The language is infinitary, so for a model A with cardinality kappa, we have kappa many constants, and kappa many variables; so we may have highly infinitary boolean compounds and quantifier prefixes. I was not sure for a while that the categoricity claim I assume here is right, but speaking to several others, it seems to be ok.

The number of propositional functions involved is going to be uncountable, because the languages are infinitary. So, for set-sized models, I think the propositional functions will form a proper class.

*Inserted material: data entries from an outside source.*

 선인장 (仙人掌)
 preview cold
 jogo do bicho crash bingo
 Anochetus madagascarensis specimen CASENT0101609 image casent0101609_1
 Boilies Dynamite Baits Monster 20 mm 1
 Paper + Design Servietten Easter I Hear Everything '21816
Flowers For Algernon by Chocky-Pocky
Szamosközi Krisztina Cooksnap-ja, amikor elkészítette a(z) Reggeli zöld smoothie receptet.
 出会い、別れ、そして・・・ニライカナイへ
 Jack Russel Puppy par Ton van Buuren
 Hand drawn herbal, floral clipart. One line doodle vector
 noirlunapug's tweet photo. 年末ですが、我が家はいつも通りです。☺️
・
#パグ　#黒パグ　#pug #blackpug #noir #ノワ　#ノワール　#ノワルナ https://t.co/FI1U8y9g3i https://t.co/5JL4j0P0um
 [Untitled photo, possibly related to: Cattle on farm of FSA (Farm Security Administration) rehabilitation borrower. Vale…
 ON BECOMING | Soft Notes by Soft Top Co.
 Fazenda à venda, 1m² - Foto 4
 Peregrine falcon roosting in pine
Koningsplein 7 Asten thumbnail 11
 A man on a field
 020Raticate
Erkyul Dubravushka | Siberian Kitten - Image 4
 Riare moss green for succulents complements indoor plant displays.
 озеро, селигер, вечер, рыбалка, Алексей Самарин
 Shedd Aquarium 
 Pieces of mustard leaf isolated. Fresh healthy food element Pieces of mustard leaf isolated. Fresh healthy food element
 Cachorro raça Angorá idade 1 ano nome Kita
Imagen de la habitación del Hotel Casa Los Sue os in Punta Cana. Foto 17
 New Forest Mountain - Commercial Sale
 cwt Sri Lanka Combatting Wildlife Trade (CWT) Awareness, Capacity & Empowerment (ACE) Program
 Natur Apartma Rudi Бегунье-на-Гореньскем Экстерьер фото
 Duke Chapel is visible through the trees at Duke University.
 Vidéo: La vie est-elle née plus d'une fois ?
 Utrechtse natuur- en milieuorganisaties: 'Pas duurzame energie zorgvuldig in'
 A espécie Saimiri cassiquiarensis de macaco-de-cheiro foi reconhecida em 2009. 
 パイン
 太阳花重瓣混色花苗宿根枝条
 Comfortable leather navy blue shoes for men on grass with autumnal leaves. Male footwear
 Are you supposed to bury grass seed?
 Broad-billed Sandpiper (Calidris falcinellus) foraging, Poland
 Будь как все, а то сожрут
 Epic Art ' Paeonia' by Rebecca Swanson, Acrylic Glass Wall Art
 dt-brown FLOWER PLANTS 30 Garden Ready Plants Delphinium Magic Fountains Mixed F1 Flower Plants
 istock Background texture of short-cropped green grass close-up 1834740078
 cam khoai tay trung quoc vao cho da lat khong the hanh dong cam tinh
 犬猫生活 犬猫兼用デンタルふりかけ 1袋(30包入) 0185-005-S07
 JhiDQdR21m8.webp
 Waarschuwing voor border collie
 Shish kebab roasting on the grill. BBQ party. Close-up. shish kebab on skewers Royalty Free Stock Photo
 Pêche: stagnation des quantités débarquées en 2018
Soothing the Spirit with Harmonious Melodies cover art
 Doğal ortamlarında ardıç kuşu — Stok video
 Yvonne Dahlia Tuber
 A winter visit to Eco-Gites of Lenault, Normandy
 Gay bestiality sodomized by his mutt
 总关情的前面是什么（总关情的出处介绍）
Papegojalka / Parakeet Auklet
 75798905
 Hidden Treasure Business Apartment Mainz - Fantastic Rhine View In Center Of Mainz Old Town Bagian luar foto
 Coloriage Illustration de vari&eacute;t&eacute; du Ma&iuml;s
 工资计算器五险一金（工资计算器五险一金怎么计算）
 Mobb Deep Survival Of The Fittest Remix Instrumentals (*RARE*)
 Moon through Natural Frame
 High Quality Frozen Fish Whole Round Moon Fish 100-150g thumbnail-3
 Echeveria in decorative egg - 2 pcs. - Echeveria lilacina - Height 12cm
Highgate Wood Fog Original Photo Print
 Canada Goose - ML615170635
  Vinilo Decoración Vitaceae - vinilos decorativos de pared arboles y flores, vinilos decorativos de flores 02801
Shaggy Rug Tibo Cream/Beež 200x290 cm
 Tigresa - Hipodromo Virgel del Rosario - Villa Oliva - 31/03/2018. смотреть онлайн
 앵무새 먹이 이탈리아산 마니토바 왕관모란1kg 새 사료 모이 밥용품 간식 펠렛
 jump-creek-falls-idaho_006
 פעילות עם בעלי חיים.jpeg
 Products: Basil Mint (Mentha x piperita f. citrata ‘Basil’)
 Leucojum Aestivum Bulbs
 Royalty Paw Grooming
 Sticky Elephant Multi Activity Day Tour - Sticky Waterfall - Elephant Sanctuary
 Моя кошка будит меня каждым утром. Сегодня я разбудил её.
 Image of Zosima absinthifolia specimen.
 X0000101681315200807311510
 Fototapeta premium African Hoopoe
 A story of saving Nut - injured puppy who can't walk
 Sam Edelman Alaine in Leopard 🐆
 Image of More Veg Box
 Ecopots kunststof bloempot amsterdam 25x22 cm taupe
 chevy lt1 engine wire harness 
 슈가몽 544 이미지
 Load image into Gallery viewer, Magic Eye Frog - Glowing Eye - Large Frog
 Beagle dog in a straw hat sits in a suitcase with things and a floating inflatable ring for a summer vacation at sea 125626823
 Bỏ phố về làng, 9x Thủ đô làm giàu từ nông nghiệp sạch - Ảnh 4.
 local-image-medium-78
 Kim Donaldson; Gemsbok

(Sam Roberts made some good comments about these "set/class" issues in the comments below.)

Cheers,

Jeff

1. Ah, I missed the bit about the language being infinitary. But it won't be a run-of-the-mill infinitary language, essentially each structure $\mathcal{A}$ of cardinality $\kappa$ will be described by a formula in $\mathcal{L}_{\kappa^+,\kappa^+}$. What is then the residual advantage over taking $\mathcal{A}$ itself as a representative of its own isomorphism type?

3. Hi Aldo,

Yes, the formula is like a huge conjunction of the elementary diagram.

The idea is to get an explication of possible worlds out of this. I take one of these propositional functions, and apply it to a sequence of relations (Fregean intensions), giving a proposition that ....blah-blah.

But I'm not sure how that would work on the isomorphism-type view of abstract structure? Possible worlds aren't themselves structures or models. But perhaps there's a way of identifying a model for a given possible world, and then considering the isomorphism type. But it seems that this will conflate distinct worlds. I think it will eliminate the "quiddities" of the particular relations.

So, a world w1 where

there are exactly two things x,y and such that Ax, Ay, Rxx, Rxy, -Ryy and -Ryx

where A and R are definite relations amongst concreta, will be conflated with a world w2 where,

there are exactly two things x,y and such that Bx, By, Sxx, Sxy, -Syy and -Six

where B and S are relations amongst concreta, but different from A and R.

This is because they will give rise to the same isomorphism-type.

Cheers,

Jeff

4. Thanks for this clarification, Jeff. I suppose a true structuralist would not care much about the "quiddities", but what do I know?